That lack of awareness derived from confusing policy risks leaving bases exposed to uncrewed threats, a growing concern.

The Inspector General report examines 10 military installations where drone incursions have occurred. The watchdog assessment found multiple examples of “covered assets” left uncovered due to unclear policies.

The Air Force base in Arizona where most F-35 pilots are trained, for instance, is not authorized to defend against UAS incursions because pilot training does not qualify as a “covered” activity under Pentagon policy, despite the Air Force describing the F-35 as “an indispensable tool in future homeland defense.”

Another Air Force facility in California that manufactures aircraft repair parts, conducts aircraft maintenance, and makes the Global Hawk, an ultra-advanced large surveillance drone that costs more than the F-35A, has also been left vulnerable, and the site experienced a series of drone incursions in 2024, the report said.

“Air Force officials told us that the government-owned, contractor-operated facility was denied coverage during the active incursions,” in 2024, the IG report says.

The problem extends beyond determining whether a site is covered. The process for obtaining counter-drone systems — and securing rapid legal approval to use them when needed — is complex and slow, reflecting legal restrictions on using electronic jamming or force inside the US, the report found.


A contractor hand-launches a drone at a counter-UAV training site in California in January 2020.
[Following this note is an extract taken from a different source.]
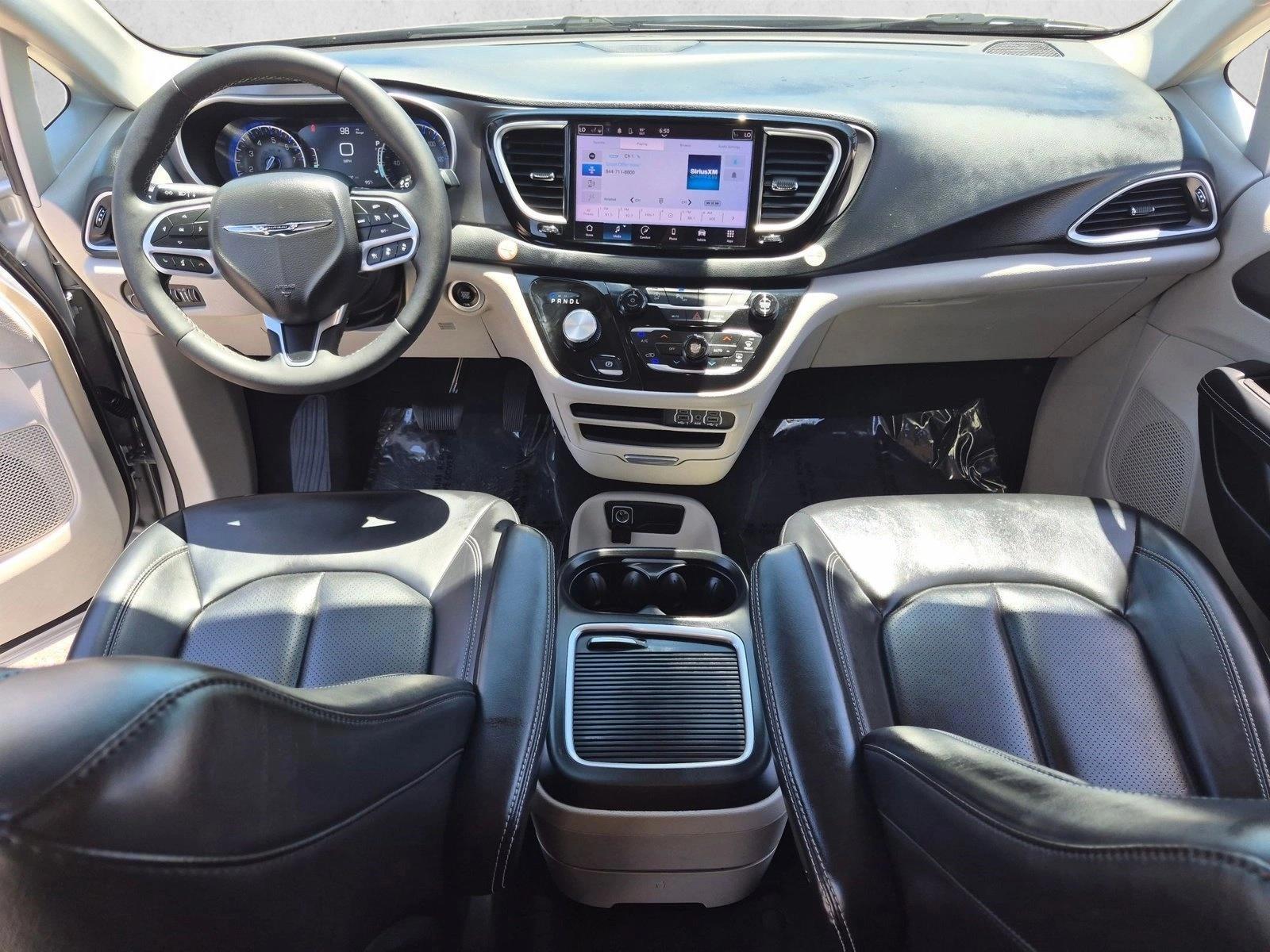 Thumbnail: 2023 Chrysler Pacifica - 3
A contractor hand-launches a drone at a counter-UAV training site in California in January 2020.

PFC Gower Liu/US Army



The growing counter-drone problem

Concerns about drone threats to military installations have grown in recent years as small, inexpensive commercial drones have become dramatically more popular and easy to use. Such systems lower the barrier to entry on surveillance and precision strike from the state level to non-state actors and can create challenges for security personnel who are often constrained in their response options, or improperly trained and equipped to react.

In 2024, multiple bases within the US and abroad experienced strings of drone incursions, events that can involve one or more unmanned aircraft entering restricted airspace or operating close enough to installations to trigger alarms, even when the drones are not linked to foreign adversaries.
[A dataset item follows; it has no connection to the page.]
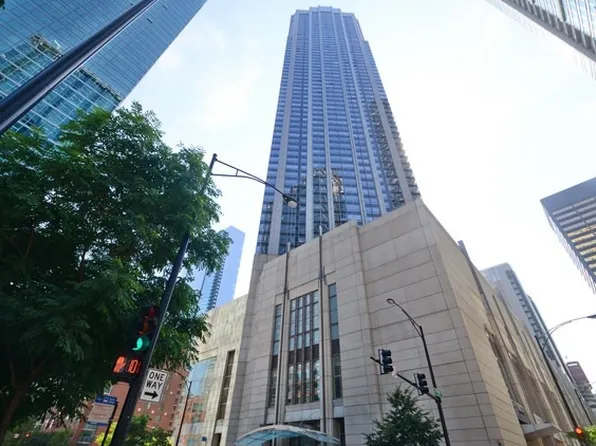 512 N McClurg Ct APT 2008, Chicago, IL 60611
“In recent years, adversary unmanned systems have evolved rapidly,” a Department of Defense counter-drone strategy released in the final months of the Biden administration said. “These cheap systems are increasingly changing the battlefield, threatening US installations, and wounding or killing our troops.”

Efforts to address the drone problem have been in the works for years, though a Center for New American Security report released last September said the military’s efforts were “hindered by insufficient scale and urgency.”
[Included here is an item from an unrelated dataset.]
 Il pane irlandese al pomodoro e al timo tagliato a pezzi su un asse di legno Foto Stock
Some units have received counter-drone tools such as portable “flyaway kits” — deployable systems meant to be moved quickly between sites — and the “Dronebuster,” a handheld electronic-warfare device that emits a signal to disrupt or disable an offending drone. The Army secretary recently questioned the latter system’s effectiveness, underscoring broader uncertainty about how best to defend US bases from the growing drone threat.

The US military is trying to catch up with the threat, to develop defenses as fast or faster than drone technology is currently developing, driven in large part by the drone-dominant Ukraine war. As he announced the creation of Joint Interagency Task Force 401 last August, Secretary of Defense Pete Hegseth said “there’s no doubt that the threats we face today from hostile drones grow by the day.”

“The challenge for airspace management is how to deter or defeat such incursions without endangering the surrounding civilian communities or legitimate air traffic. That rules out everything kinetic,” Mark Cancian, a defense expert and retired US Marine Corps colonel, told Business Insider in late 2024 during a series of incursions.

“This has become a huge problem for both military and civilian airfields and will get worse and drone usage proliferates further,” he said.